2016 Fort Moultrie Quarter

2016 Fort Moultrie Quarter

The Fort Moultrie Quarter represented the thirty-fifth overall release within the America the Beautiful Quarters Program. The site represents the state of South Carolina and was federally designated on April 28, 1948.

The reverse design depicts Sergeant William Jasper returning the regimental flag to the ramparts while under attack from a British ship during the Battle of Sullivan’s Island on June 28, 1776. The inscriptions include “Fort Moultrie”, “South Carolina”, “2016”, and “E Pluribus Unum”. The reverse was designed by United States Mint Artistic Infusion Program artist Richard Scott and sculpted by Joseph Menna.

The Fort Moultrie Quarter was officially released for circulation on February 1, 2016. The Denver Mint struck 142,200,000 and the Philadelphia Mint struck 154,400,000 coins for circulation.

Fort Moultrie Quarter Mintages

  • 2016-D Fort Moultrie Quarter: 142,200,000
  • 2016-P Fort Moultrie Quarter: 154,400,000
  • 2016-S Fort Moultrie Quarter: 966,260

Fort Moultrie Quarter Specifications

  • Designers: John Flanagan (obverse), Richard Scott (reverse)
  • Composition: 91.67% copper, 8.33% nickel (clad), 90% silver, 10% copper (silver proof)
  • Diameter: 24.26 mm
  • Weight: 5.67 grams
  • Thickness: 1.75 mm
  • Edge: Reeded

About Fort Moultrie

The Civil War was one of the most significant growing pains that the United States experienced in its quest to become the largest free nation in the world. While many people know the issues of agriculture and slavery that caused the strained relations between the Northern and Southern states, few people are aware of the exact location where the first shots of the war were fired.

The very first battlefield of the Civil War was none other than the seaside Fort Moultrie, otherwise known as the Fort Sumter National Monument. Few know that while Fort Moultrie was the site of a crushing initial defeat for the Union forces, it was the site of a huge victory over the British troops nearly a century earlier in the American Revolutionary War.

When you visit Fort Sumter National Monument in the port town of Charleston, South Carolina, you will be able to walk amongst the original structures where both Revolutionary and Civil War soldiers fought and died. You will be able to imagine the intense feelings of a battle situation as if you were Captain Abner Doubleday, the soldier responsible for firing the very first shot of the Civil War.

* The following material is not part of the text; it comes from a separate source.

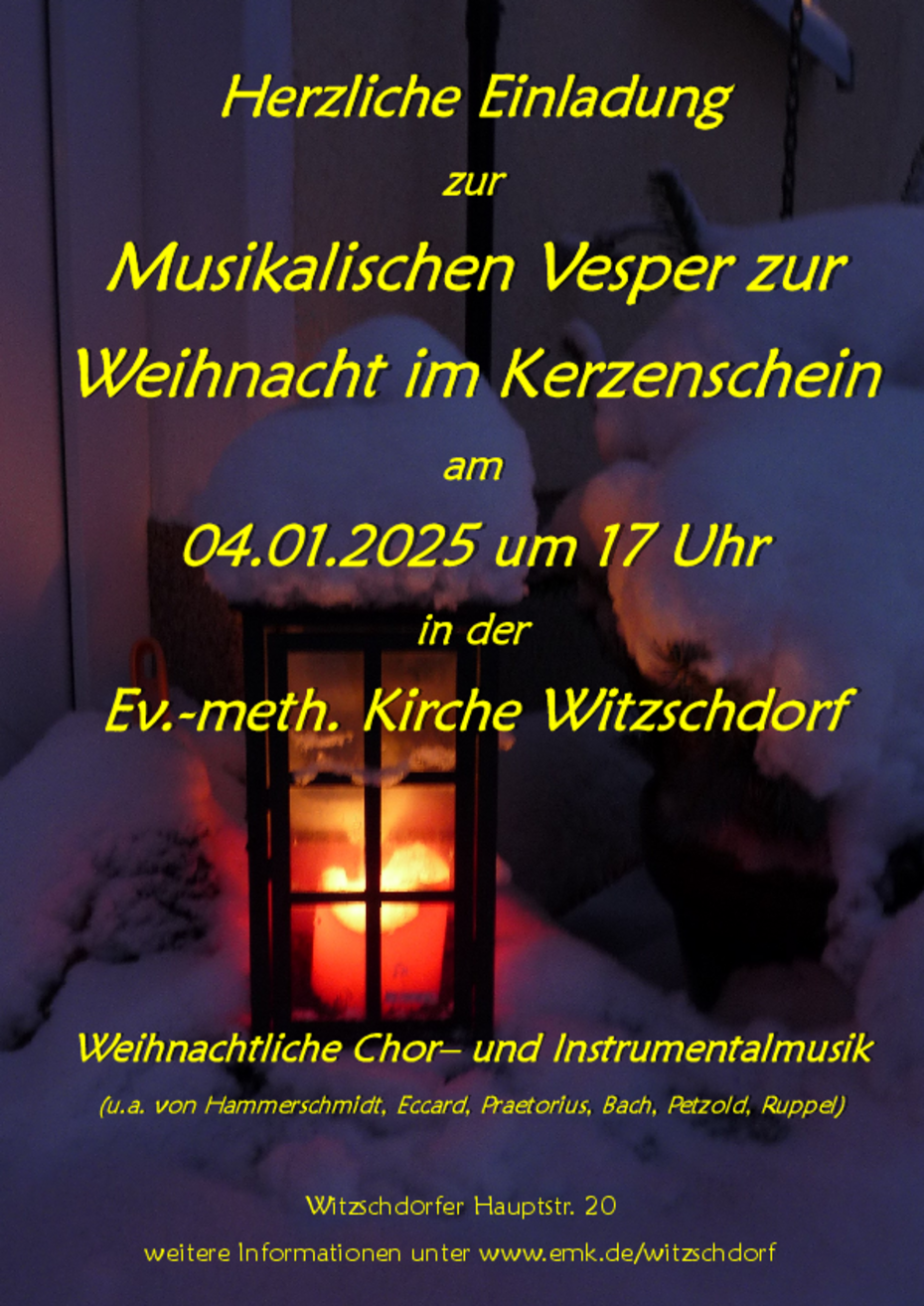 Einladung zur Weihnachtsvesper 4.1.2025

This national monument stands as a reminder of those who fought and died for the freedom of all citizens of this great country. Visitors to the Fort will have the opportunity to participate in programs and tours that will bring the past up close and personal to their daily lives. Learn about why seaside towns like Charleston would prove to be so important to defending America’s freedom.